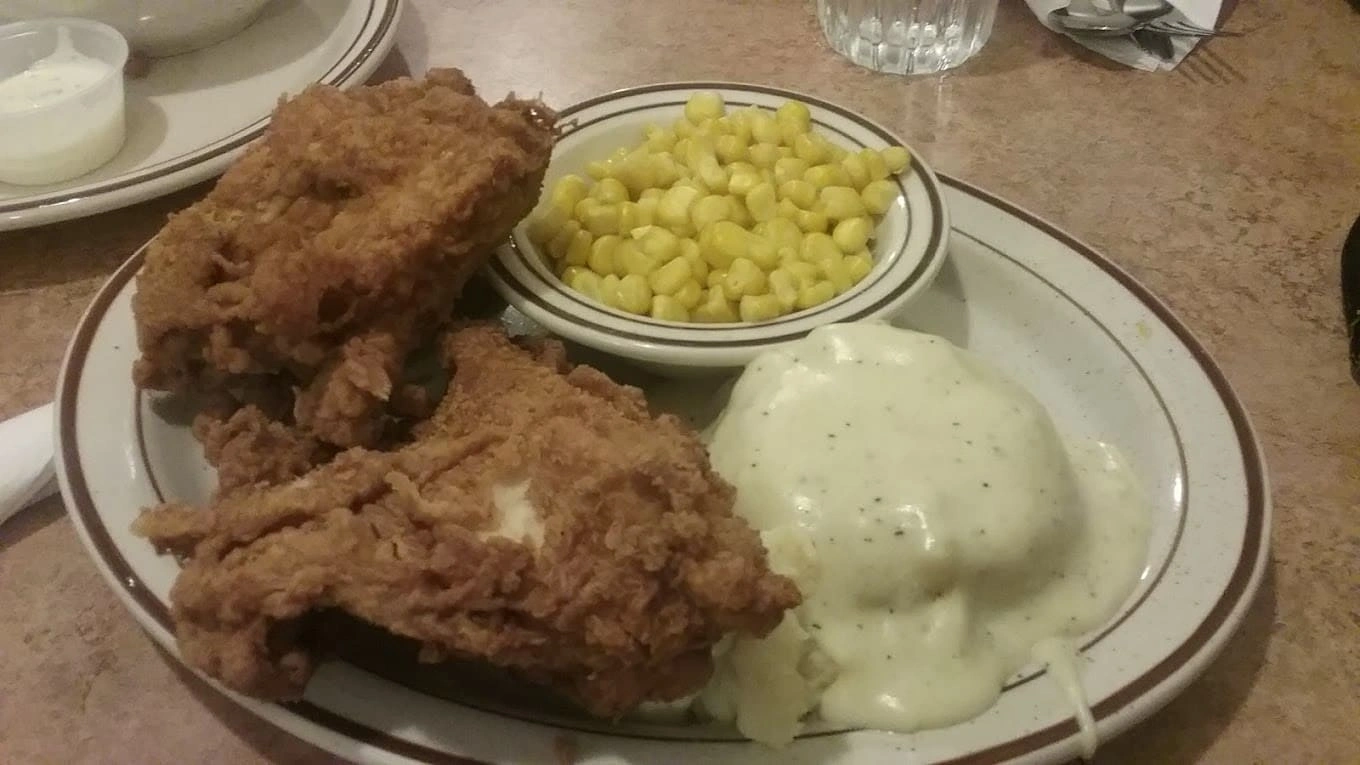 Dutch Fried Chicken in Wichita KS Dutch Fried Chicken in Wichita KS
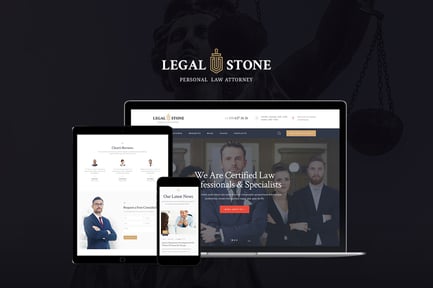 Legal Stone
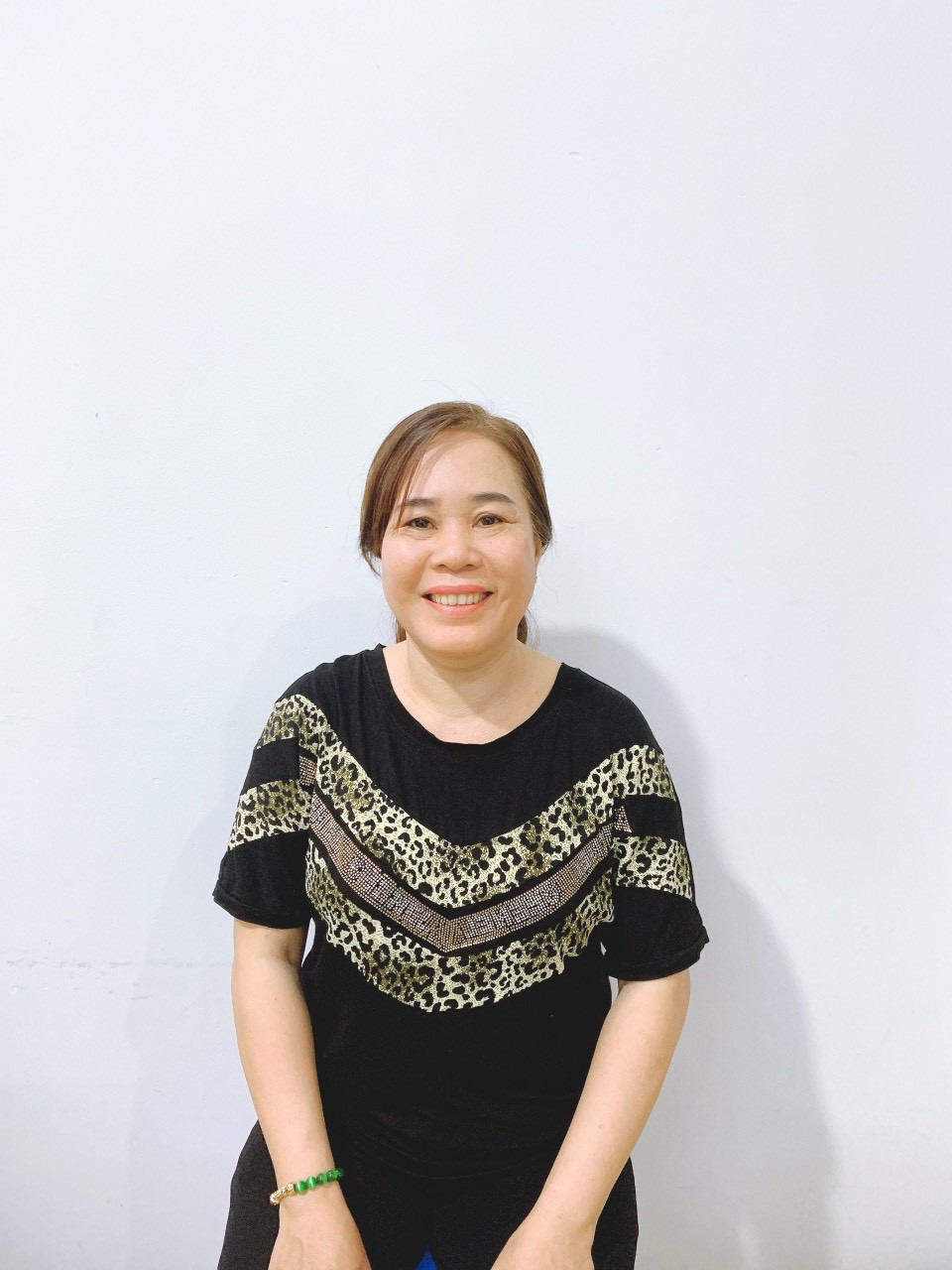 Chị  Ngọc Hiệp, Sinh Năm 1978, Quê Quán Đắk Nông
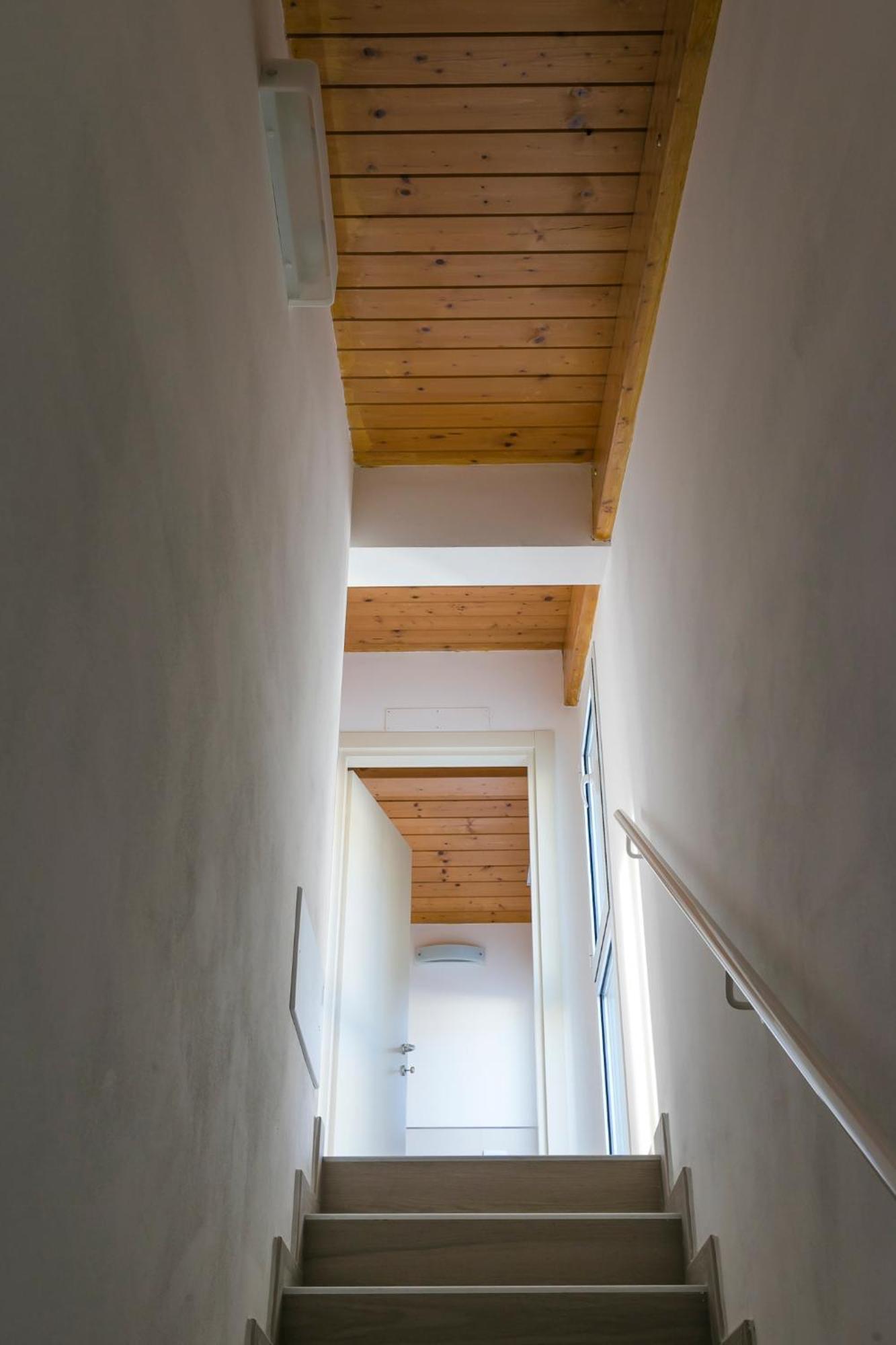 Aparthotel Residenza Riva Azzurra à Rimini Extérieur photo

• **PROBLEM DETAILS**: Starting with the line that contains "Quán Đắk Nông", repeat each line exactly until the listing ends, including the last one. Leave pictures out.

• **EXERCISE RESULT**:
 Chị  Ngọc Hiệp, Sinh Năm 1978, Quê Quán Đắk Nông
 Aparthotel Residenza Riva Azzurra à Rimini Extérieur photo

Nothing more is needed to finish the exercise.